Our take away: Valuation is better than the January peak but still well above the longer term average. However, P/Es will be pressured lower by solid earnings growth this year and next. We are less concerned about the short term (especially since sentiment remains cautious) but longer term current valuations remain a concern with rising interest rates and inflation, high debt levels, and the risk of policy mistakes by the Fed and White House.
The Pain of Bond Market Normalization Accelerates
The fast pace of bond normalization (rising interest rates concurrent with Fed QE balance sheet unwind) has become a significant headwind to markets. In April, fixed income market returns across nearly all bond subsectors saw losses nearly double for the year.

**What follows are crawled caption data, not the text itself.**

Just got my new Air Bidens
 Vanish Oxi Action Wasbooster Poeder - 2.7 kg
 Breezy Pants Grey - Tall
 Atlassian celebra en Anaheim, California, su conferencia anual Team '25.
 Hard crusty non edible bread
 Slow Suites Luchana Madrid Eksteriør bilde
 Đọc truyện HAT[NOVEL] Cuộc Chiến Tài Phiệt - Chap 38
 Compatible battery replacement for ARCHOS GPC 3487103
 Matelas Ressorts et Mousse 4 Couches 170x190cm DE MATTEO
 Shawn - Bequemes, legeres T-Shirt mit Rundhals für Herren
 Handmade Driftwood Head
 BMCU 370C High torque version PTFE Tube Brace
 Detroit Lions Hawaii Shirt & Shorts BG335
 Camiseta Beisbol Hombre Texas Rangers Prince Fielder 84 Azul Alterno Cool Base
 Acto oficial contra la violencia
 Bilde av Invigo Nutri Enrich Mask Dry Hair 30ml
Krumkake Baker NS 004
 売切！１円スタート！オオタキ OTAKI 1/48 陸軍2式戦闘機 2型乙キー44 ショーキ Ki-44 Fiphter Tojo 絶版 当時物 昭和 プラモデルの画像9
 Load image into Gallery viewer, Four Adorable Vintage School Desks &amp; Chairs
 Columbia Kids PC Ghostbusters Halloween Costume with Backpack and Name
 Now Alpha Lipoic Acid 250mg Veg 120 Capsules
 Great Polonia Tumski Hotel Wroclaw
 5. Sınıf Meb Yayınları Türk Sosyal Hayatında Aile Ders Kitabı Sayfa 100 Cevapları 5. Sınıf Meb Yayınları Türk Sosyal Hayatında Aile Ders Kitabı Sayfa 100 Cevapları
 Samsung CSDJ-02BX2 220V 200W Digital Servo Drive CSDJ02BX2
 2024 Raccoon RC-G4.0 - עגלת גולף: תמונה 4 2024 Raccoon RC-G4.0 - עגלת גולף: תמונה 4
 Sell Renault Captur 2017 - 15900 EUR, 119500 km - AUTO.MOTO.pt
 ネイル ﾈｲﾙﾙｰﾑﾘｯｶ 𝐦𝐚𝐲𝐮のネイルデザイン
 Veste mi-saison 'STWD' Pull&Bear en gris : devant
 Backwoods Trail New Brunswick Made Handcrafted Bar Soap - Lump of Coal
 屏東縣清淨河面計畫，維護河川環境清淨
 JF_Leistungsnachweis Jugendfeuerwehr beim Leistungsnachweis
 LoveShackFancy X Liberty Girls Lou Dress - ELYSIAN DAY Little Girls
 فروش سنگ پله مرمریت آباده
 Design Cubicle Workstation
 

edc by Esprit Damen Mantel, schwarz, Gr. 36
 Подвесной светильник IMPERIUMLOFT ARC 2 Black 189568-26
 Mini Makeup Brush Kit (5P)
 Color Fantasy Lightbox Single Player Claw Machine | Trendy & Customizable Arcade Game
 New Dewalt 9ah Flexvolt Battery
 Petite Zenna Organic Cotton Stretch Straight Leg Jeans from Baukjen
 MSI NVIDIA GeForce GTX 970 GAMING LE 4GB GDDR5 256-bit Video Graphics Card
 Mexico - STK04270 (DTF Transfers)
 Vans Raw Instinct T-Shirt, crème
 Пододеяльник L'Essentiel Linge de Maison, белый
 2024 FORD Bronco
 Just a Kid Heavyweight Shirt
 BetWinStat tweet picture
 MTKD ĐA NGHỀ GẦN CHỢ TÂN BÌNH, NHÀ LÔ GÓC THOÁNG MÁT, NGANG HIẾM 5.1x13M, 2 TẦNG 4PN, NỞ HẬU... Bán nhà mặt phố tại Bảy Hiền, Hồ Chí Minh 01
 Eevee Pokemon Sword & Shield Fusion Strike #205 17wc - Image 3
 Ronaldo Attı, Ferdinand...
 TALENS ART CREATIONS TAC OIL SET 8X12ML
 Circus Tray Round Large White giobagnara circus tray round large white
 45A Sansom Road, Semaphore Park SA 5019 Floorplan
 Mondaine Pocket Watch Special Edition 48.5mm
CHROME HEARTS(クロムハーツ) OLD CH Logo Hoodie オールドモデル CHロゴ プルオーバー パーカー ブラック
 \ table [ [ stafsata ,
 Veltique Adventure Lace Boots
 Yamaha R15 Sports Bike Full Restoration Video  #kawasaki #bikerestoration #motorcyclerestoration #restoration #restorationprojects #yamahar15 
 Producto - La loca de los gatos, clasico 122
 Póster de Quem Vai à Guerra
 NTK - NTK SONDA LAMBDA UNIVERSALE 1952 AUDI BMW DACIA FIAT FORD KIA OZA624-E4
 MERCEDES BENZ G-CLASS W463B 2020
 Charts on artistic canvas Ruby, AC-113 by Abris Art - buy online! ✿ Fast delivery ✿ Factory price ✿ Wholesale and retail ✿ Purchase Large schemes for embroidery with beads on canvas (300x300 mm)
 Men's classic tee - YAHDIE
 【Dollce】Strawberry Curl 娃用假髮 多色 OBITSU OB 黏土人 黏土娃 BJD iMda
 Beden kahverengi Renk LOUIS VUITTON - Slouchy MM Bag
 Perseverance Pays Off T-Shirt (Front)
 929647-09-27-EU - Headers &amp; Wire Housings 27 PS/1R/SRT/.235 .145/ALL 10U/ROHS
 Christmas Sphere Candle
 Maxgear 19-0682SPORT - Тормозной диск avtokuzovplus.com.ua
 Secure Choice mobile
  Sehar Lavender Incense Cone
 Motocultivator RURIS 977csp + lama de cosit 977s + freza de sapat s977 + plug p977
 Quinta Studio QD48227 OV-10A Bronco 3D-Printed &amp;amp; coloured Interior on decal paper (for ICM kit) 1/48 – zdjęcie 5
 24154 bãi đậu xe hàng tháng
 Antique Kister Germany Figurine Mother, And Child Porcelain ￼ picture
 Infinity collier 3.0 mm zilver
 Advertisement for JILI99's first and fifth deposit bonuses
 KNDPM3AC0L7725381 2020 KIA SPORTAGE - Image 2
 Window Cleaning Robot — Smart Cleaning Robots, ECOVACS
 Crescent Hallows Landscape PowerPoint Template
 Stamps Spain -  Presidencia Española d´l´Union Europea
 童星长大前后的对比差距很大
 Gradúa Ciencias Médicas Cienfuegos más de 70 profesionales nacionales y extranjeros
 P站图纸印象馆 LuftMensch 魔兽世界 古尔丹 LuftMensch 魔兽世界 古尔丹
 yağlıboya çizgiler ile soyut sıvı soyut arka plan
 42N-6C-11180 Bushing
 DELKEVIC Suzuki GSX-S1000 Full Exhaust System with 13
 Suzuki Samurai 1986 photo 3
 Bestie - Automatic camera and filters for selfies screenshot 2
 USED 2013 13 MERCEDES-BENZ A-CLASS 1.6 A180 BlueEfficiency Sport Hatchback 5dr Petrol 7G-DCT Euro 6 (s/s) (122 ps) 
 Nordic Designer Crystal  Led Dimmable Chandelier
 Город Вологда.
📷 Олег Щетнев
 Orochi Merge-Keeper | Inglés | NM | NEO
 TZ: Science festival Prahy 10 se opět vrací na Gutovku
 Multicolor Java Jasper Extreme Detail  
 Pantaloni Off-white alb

A review of major Bloomberg bond indices includes:
April Return | YTD Return | Average Maturity (Duration) | |
US Treasury Bonds | .94% | 2.11% | NA |
US Corporate Bonds | -1.03 | -3.32 | 7.29 |
US Municipal Bonds | -.45 | -1.56 | 2.83 |
$ Based EM Bonds | -1.04 | -2.50 | 5.81 |
Note: In each case these returns are representative of an entire index of bonds including short, intermediate and longer dated maturities. Longdated prices fall more than shortdated bonds as yields rise (a function of their average maturity or duration and perceived credit risk). Source: Bloomberg Markets LP
Rising US rates along with high debt levels among corporations, households and governments (at a post second world war high of 350% of GDP) clearly pose a growing threat as each borrower’s capacity to service debt becomes more uncertain. Further, investors are not used to the elevated levels of volatility of late—much less losses on their fixed income investments. The pain of ongoing rate normalization (losses) is likely to have consequences well beyond the fixed income markets.
Thus far, average maturity (or duration) has been largely responsible for fixed income price declines with longer duration indices declining substantially more than shorter dated. Going forward we anticipate that credit quality will play an ever larger role in driving prices lower with emerging market, US investment grade corporate and high yield bonds most at risk. As more central banks raise rates and begin to unwind their respective balance sheets the pace of decline will likely accelerate.
Our client bond portfolios are not subject to the same level of interest rate risk as the broader based (longer duration) indices. Both the individual bonds and funds we are investing in are high quality and have shorter maturities and thus are less vulnerable during rising rate timeframes like April.